# Local DNS server help wanted.



## usalabs (May 16, 2006)

I'm running a web and email server behind a NAT router, but to be able to test the web site(s) and the email server from inside the LAN I had to setup a local DNS server, but, as I have a domain name with associated DNS records at a domain hosting service, the default MX record is set to mail.mydomain.info, along with the associated A record of mydomain.info, I also set my local email server host name to mail.mydomain.com, and set ports 25 and 110 forwarded in the router, but for some reason, when an email is sent from anywhere outside the lan, it does not get to the local mail server, instead it gets returned to the sender with a fatal error, "domain cannot be reached", but I can send emails out using smtp outgoing of the local mail server with no problem, is this a conflict with the DNS records of my domain registrar and my local DNS server?

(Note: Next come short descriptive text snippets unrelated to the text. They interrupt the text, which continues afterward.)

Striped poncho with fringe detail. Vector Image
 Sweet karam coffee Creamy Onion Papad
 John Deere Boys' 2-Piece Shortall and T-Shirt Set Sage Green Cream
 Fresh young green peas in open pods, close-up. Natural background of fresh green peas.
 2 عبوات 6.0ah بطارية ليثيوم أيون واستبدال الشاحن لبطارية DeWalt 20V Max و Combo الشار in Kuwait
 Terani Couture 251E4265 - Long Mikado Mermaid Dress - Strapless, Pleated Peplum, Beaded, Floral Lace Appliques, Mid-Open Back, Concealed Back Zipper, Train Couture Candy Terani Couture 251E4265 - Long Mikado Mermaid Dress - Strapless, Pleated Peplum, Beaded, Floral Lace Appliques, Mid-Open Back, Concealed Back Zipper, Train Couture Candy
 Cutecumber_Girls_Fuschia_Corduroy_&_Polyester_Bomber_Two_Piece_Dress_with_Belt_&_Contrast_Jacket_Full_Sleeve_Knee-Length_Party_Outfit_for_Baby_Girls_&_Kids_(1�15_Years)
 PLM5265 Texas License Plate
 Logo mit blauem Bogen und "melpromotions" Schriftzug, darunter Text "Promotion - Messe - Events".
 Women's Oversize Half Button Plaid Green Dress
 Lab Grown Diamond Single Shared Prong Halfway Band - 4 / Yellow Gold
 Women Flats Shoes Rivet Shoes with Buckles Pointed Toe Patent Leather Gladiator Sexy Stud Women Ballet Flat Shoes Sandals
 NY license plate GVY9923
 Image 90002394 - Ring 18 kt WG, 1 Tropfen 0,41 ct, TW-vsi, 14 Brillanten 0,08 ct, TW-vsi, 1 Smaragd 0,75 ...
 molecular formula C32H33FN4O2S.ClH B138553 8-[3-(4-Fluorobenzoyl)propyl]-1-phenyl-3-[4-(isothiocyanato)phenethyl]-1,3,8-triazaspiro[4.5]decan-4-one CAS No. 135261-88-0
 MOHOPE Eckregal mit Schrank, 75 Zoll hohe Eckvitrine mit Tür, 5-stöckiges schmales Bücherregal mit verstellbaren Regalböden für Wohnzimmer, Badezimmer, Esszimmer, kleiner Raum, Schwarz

Also the smtp setting in the php.ini file is set to localhost, and when someone tries to register as a member of my web site, the site auto sends a confirmation email, but it never gets to the recipient, a snippet of the server log shows:-

Wed, 17 May 2006 22:36:30 -> SMTP Connected: Domain=[yahoo.com], Host=[mx2.mail.yahoo.com], IP=[67.28.113.70], Port=[25]
Wed, 17 May 2006 22:36:31 -> SMTP Welcome Received: Domain=[yahoo.com], Received=[220 mta119.mail.re4.yahoo.com ESMTP YSmtp service ready]
Wed, 17 May 2006 22:36:31 -> SMTP Command Sent: Domain=[yahoo.com], Host=[mx2.mail.yahoo.com], Command=[HELO mail.mydomain.info], Response=[250 mta119.mail.re4.yahoo.com]
Wed, 17 May 2006 22:36:31 -> SMTP Command Sent: Domain=[yahoo.com], Host=[mx2.mail.yahoo.com], Command=[MAIL FROM:< [email protected]>], Response=[501 Syntax error in parameters or arguments]


----------